Thanks to the $269 million Measure H bond for school facility improvements approved in June 2016, work on the new Snow School and River School campuses is “progressing on time,” said Pearson.
The new Snow School, located at 1130 Foster Road, will open on the first day of school Aug. 14.
“There are many, many folks at the school site right now working to make it a start-of-the-art learning and teaching environment,” Pearson said this month.
There still will be some work to be done on outdoor space but the school will open as expected. Some 400 students attend Snow School.
The new River School campus, located at the former Salvador Elementary School campus on Salvador Avenue, will open as expected in January 2020, said Pearson. River currently shares a campus with Harvest Middle School on Old Sonoma Road.
“We’ll be using the winter break to get the rooms set up,” he said. While it doesn’t have that many now, River School is estimated to eventually become home to as many as 550 students.
In American Canyon, “We’re gearing up for the groundbreaking of Napa Junction elementary school,” said Pearson. Currently located at 300 Napa Junction Road, the new campus will be located at the corner of Eucalyptus Drive and Wetlands Edge Road – about one mile from the current campus, which was discovered to sit on an earthquake fault.
A groundbreaking will be held Wednesday at 4:30 p.m.
Napa Junction now has about 400 students but the new school will be built to house as many as 600.
At Shearer, McPherson and Donaldson Way elementary schools, the NVUSD is in the initial stages of planning to install security fencing around each campus.
“We want to create a single point of entry for school safety during the school day and protect our assets on nights and weekends,” said Pearson.
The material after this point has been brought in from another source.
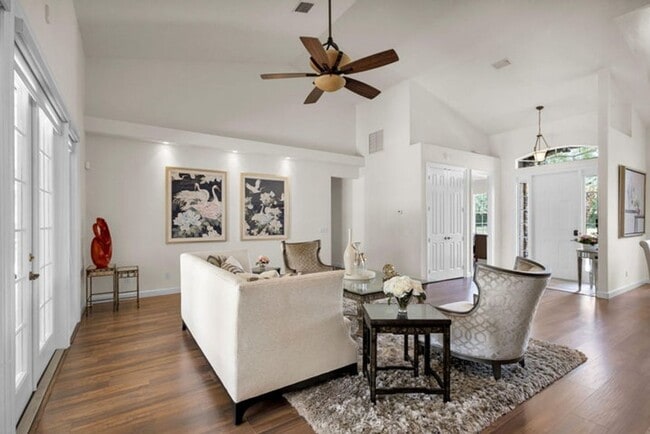 Building Photo - 4754 130th Ave N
Another Measure H project includes turning elementary school kitchens into finishing kitchens so food can be cooked at the school site. School kitchens to be improved are located at Shearer and McPherson schools.
Both Shearer and McPherson schools received a fresh coat of paint this summer, said Pearson. The colors chosen?
Lucerne Blue for the trim and Silver Polish for the rest, he said.
“It’s really satisfying to drive both schools and see how they pop now with a fresh coat of paint,” said Pearson.